Adopting semiotics as a way through Ponge's poetry, I have refused the conventional phenomenological treatment of his poetry, as critics have too commonly ascribed abstractions that are concerned more with ideas than with language—an approach that I believe detracts from the linguistic investment that Ponge makes in his poems. Nevertheless, before analyzing the relations between the sign, signifier, and signified in Ponge's poetry, I think it pertinent to define each of these concepts as well as a description of semiotics in detail. Semiotics "is not concerned with the study of a particular kind of object, but with ordinary objects insofar as they participate in semiosis" (Eco 15). When considering Ponge's œuvre, this explanation is ideal in that much of his poetry concerns itself with ordinary objects ("L'huître," "La cigarette," or "Le pain"). The definition of the sign has long been debated in philosophy, and many varying interpretations exist today in semiotic studies, ranging from an inclination towards the linguistic (Ferdinand de Saussure), to the philosophical (Charles Sanders Peirce), to the literary (Umberto Eco). In addition, semiotics may take a macro- or microcosmic disposition towards language, and may be divided between general and specific semiotics. For the sake of my argument and its relation to Ponge's poetry, I will assume the general semiotics system of signification—specifically, the system described by Umberto Eco, whose concepts of general semiotics I will use to introduce the differences between sign, signifier, and signified. According to Eco, general semiotics is "simply a philosophy of language which stresses the comparative and systematic approach to languages (and not only to verbal language) by exploiting the result of different, more local inquiries" (Eco 8). The fact that general semiotics applies to fields other than verbal language is salient when discussing Ponge, as his semiosphere functions within a textual realm.
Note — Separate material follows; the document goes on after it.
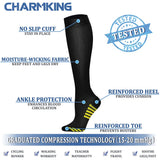 CHARMKING Compression Socks for Women & Men (8 Pairs) 15-20 mmHg Graduated Copper Support Socks are Best for Pregnant, Nurses - Boost Performance, Circulation, Knee High & Wide Calf (S/M, Multi 32)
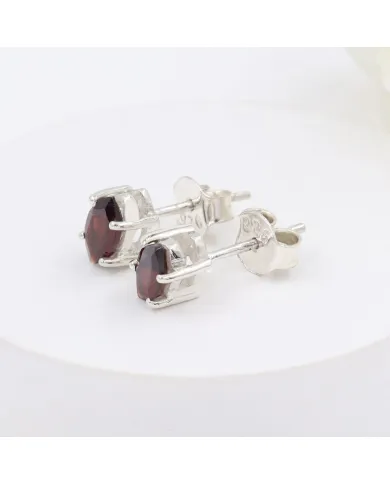 Garnet Stud Earrings 925 Sterling Silver - Handmade Minimalist Jewelry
For this argument, I have studied several theories of semiotics in order to construct my own system of semiosis that pertains to Ponge's approach to language. In my usage, the sign will be the poem itself; Eco states that "signs...reproduce something, in a stylized form, so that recognizing the object represented is less important than recognizing a 'content' other for which the represented object stands" (Eco 17). Eco's definition is ideal when referring to Ponge's poetry, because, as he claims, the sign is reproduced in a "stylized form"; not only that, but the fact that Eco says that the sign is more important than recognizing the object represented closely resembles Ponge's poetics. Ponge's consciousness is incorporated into the universe of language, and through language, he evokes the object; language is never secondary to the object. In this essay, the signifier will be the literary devices that Ponge utilizes to represent the object in the poem. According to Eco, "the sign can be known only through the signifier"; that is, the instruments that the signifier employs gives meaning to the sign: the poet's literary tools furnish the poem with semantic value (Eco 24). The signified is "a concept rather than a particular thing," the idea of the object embodied within the poem. It is not the object itself; instead, it is the conceptual understanding and representation of the object generated within the poem, and formed by the reader during the process of reading (Short 17). The referent, on the other hand, is the object itself. Whereas the reader has access to the signified (the conceptual object evoked by the poem), he does not have access to the referent; only the poet is permitted that access. A way of clarifying this difference may be to say that the reader is given conceptual access to the signified, but that access to the referent would of necessity be physical and therefore not within the scope of a poem to give; the signified may be accessed in thought but the referent would need to be seen or held. Together, sign, signifier, signified, and referent operate in a quaternary relationship, constituting a linguistic force that charges the universe of Ponge's poetry.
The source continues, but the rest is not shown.